Great reference to see what President Obama has done vs. what the GOP refuses to do, and will/maybe get worse under Trump-Pence ... time will tell on that. But this is interesting to recall also:
Great Ending to this Post: Every president since President Eisenhower has taken action to address immigration issues. As a result, many more immigrants have come, stayed, and contributed to the strength of the United States. Since the founding of our nation, the strength America draws from generations of immigrants is a fact that’s woven deeply into the fabric of our history.
DWIGHT D. EISENHOWER February 8, 1956: “Throughout our history, immigration to this land has contributed greatly to the strength and character of our Republic. Over the years we have provided for such immigration because it has been to our own national interest that we do so. It is no less to our national interest that we do so under laws that operate equitably.”
JOHN F. KENNEDY 1959: “The contribution of immigrants can be seen in every aspect of our national life. We see it in religion, in business, in the arts, in education, even in athletics and in entertainment. There is no part of our nation that has not been touched by our immigrant background.”
LYNDON B. JOHNSON October 2, 1965: “Our beautiful America was built by a nation of strangers. From a hundred different places or more they have poured forth into an empty land, joining and blending in one mighty and irresistible tide. The land flourished because it was fed from so many sources — because it was nourished by so many cultures and traditions and peoples.”
RICHARD NIXON September 26, 1972: “America is a rich mosaic of many cultures and traditions, strong in its diversity. Each new immigrant has added another piece to the mosaic of American life — a fresh perspective and a fresh appreciation of what it means to be an American.”
GERALD FORD December 2, 1974: “Each new wave of pioneers and immigrants had to build a place for themselves and add their individual contributions to this new life. ”
JIMMY CARTER October 27, 1976: “We become not a melting pot but a beautiful mosaic. Different people, different beliefs, different yearnings, different hopes, different dreams. ”
RONALD REAGAN July 20, 1981: “Our nation is a nation of immigrants. More than any other country, our strength comes from our own immigrant heritage and our capacity to welcome those from other lands. No free and prosperous nation can by itself accommodate all those who seek a better life or flee persecution.”
GEORGE H. W. BUSH January 31, 1990: “Our nation is the enduring dream of every immigrant who ever set foot on these shores, and the millions still struggling to be free. This nation, this idea called America, was and always will be a new world — our new world.”
BILL CLINTON June 13, 1998: “More than any other nation on Earth, America has constantly drawn strength and spirit from wave after wave of immigrants… Bearing different memories, honoring different heritages, they have strengthened our economy, enriched our culture, renewed our promise of freedom and opportunity for all.”
GEORGE W. BUSH July 24, 2006: “It says something about our country that people around the world are willing to leave their homes and leave their families and risk everything to come to America. Their talent and hard work and love of freedom have helped make America the leader of the world. And our generation will ensure that America remains a beacon of liberty and the most hopeful society this world has ever known.”

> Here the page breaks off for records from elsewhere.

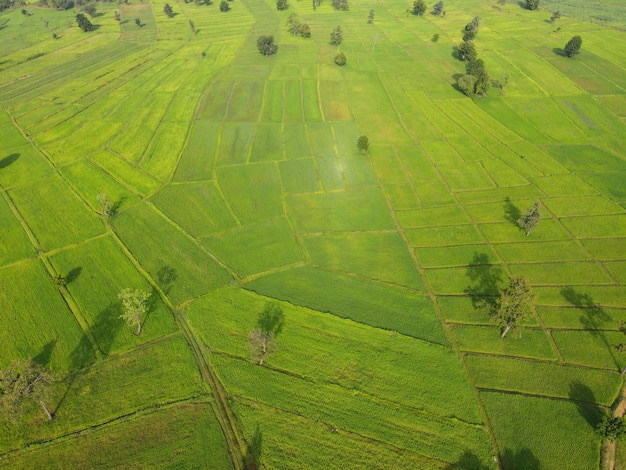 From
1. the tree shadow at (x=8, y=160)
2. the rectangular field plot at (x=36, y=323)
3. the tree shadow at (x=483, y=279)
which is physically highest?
the tree shadow at (x=8, y=160)

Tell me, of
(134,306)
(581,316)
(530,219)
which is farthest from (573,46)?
(134,306)

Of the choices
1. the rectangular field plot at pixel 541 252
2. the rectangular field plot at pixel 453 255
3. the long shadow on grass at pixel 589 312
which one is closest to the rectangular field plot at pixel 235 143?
the rectangular field plot at pixel 453 255

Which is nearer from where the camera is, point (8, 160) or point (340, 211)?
point (340, 211)

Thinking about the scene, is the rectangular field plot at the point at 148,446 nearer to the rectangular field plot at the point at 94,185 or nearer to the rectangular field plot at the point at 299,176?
the rectangular field plot at the point at 94,185

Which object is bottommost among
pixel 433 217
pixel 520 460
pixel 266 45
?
pixel 520 460

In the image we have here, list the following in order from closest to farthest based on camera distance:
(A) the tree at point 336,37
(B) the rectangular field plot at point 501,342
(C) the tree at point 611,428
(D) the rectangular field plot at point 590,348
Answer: (C) the tree at point 611,428 → (D) the rectangular field plot at point 590,348 → (B) the rectangular field plot at point 501,342 → (A) the tree at point 336,37

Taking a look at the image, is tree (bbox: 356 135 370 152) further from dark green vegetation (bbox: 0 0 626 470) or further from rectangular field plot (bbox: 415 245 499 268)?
rectangular field plot (bbox: 415 245 499 268)

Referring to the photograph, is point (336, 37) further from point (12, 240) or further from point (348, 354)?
point (348, 354) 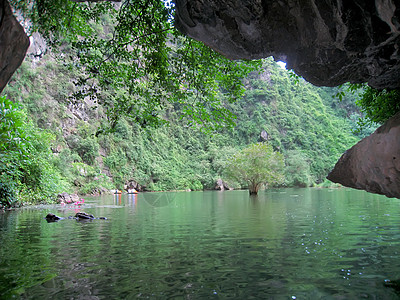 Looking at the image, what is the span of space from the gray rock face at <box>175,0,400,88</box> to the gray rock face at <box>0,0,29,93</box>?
301 centimetres

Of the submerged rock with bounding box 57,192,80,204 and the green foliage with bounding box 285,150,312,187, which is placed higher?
the green foliage with bounding box 285,150,312,187

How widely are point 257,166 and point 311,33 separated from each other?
92.9ft

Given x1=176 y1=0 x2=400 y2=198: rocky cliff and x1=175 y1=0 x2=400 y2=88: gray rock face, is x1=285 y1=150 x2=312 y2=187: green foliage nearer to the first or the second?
x1=176 y1=0 x2=400 y2=198: rocky cliff

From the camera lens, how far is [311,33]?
5148 mm

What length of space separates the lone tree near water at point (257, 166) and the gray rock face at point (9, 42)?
1144 inches

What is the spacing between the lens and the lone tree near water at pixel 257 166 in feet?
106

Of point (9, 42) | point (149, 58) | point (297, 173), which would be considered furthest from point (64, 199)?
point (297, 173)

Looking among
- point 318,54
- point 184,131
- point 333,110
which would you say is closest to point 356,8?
point 318,54

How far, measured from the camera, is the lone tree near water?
32378 millimetres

BARACK OBAMA January 29, 2013: “We define ourselves as a nation of immigrants. That’s who we are — in our bones. The promise we see in those who come here from every corner of the globe, that’s always been one of our greatest strengths. It keeps our workforce young. It keeps our country on the cutting edge. And it’s helped build the greatest economic engine the world has ever known.”
President-elect Donald J. Trump, all the time: “Get the f**k out and stay out, and now, Mexico pay up for this damn Wall.”
So, will Trump take and learn lessons from our great history? My hunch, probably not. It’s not in his DNA or character.